When I started learning the Sinatra songs I listened to them over and over and copied his phrasing which I did almost without thinking about it because I just wanted to learn the songs. I’m very pleased to tell you that I’ve moved on from this and now interpret the songs in my own way which has led to amazing results but I will give you more details on this another time.
In the recording studio I performed the songs the way I wrote them on the guitar or piano, that’s good I hear you say! no it wasn’t it was just ok because I didn’t phrase over the beat like all the great crooners would do. Now I do this when I’m writing the jazz songs and practice the phrasing before the recording session and use a very basic recording set up to listen back and make any necessary adjustments. In the first of this series of blogs #1 To Croon or not to Croon, there is more detail about live
performing, if you think singing in a recording studio and doing a live performance amounts to the same thing you would be very wrong.

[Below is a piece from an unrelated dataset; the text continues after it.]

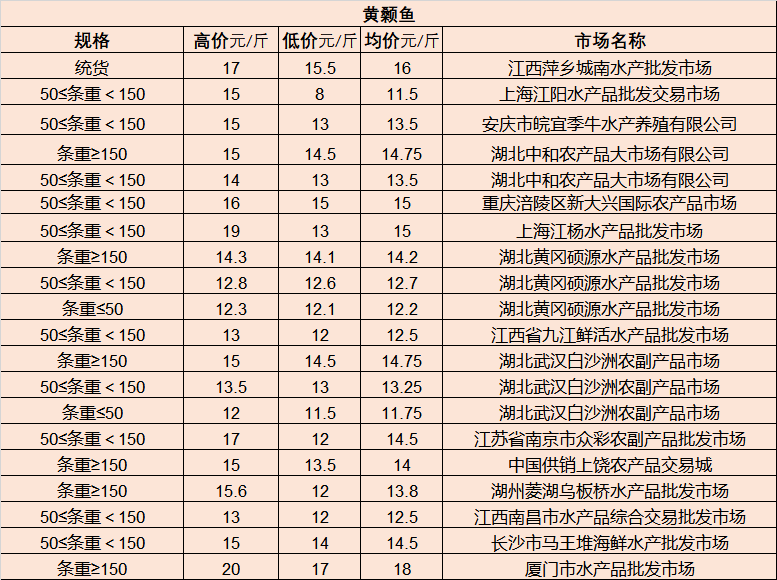 经济作物示范场天气预报更新通知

There was one more issue in the studio (I’ve learned everything the hard way) the sound of my band is in the style of the classic big bands, but I wanted to push the boundaries on this a little bit and I now include Latin and pop influenced songs, I will give you some more details on this in another blog. The laidback style of phrasing didn’t seem to work with Latin and pop, so I had to re-think these song in the studio, that’s fine but remember the clock is ticking away and you are paying by the hour for the studio and the musicians, so we had to cut the Latin song from the EP. So it literally does pay to practice and do your homework before stepping in a recording studio.